▽

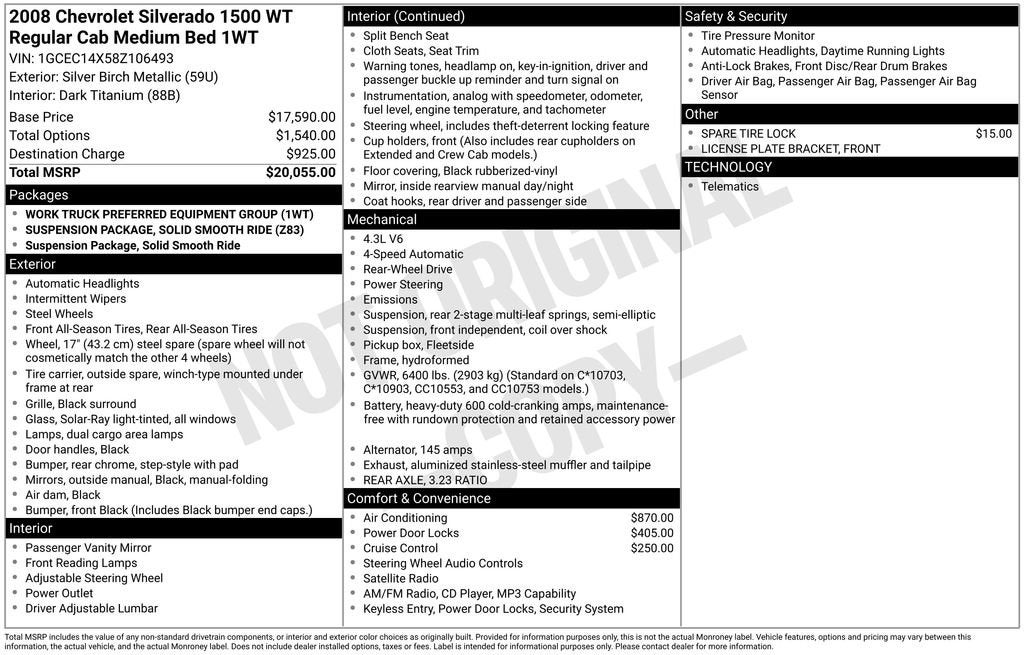 2008 Chevrolet Silverado 1500 Work Truck
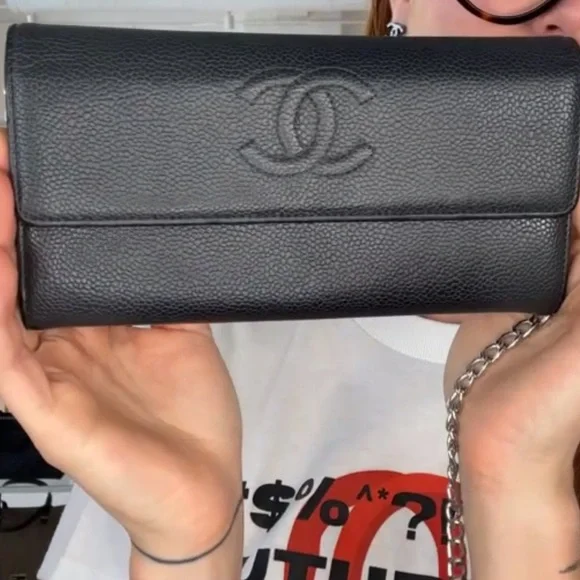 Auth CHANEL Cavuar Leather Long Wallet with Box and Card/ Holo - Picture 2 of 3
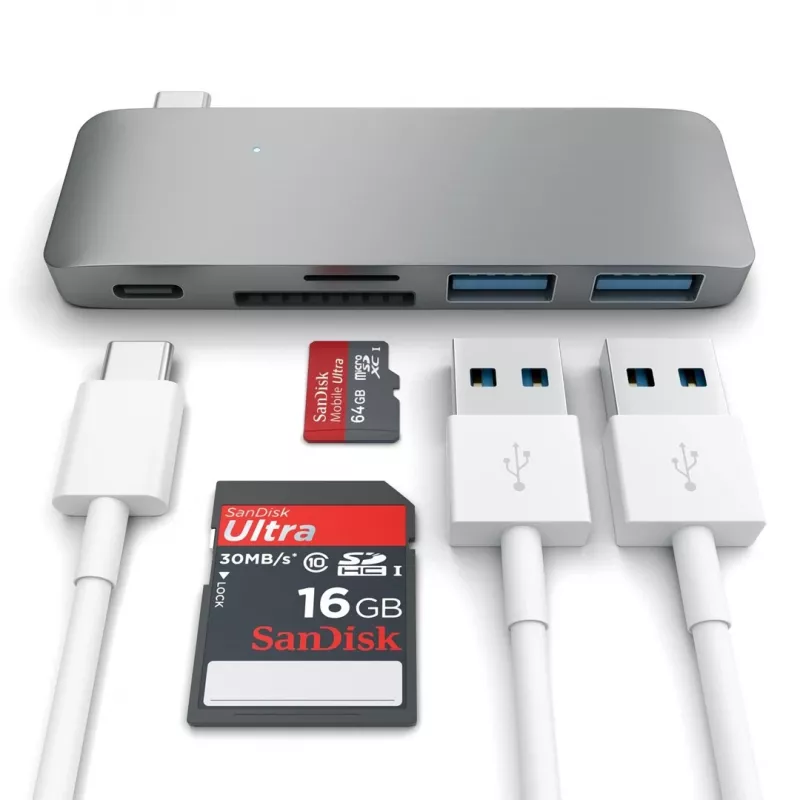Satechi ST-TCUPM hub combinado 3 en 1 Type-C USB 3.0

△

INSTRUCTIONS TO FOLLOW » Write out exactly the lines from the one that contains "Auth CHANEL Cavuar" through the last line of the data above, both included. Leave every picture out.

YOUR RESPONSE »
 Auth CHANEL Cavuar Leather Long Wallet with Box and Card/ Holo - Picture 2 of 3
Satechi ST-TCUPM hub combinado 3 en 1 Type-C USB 3.0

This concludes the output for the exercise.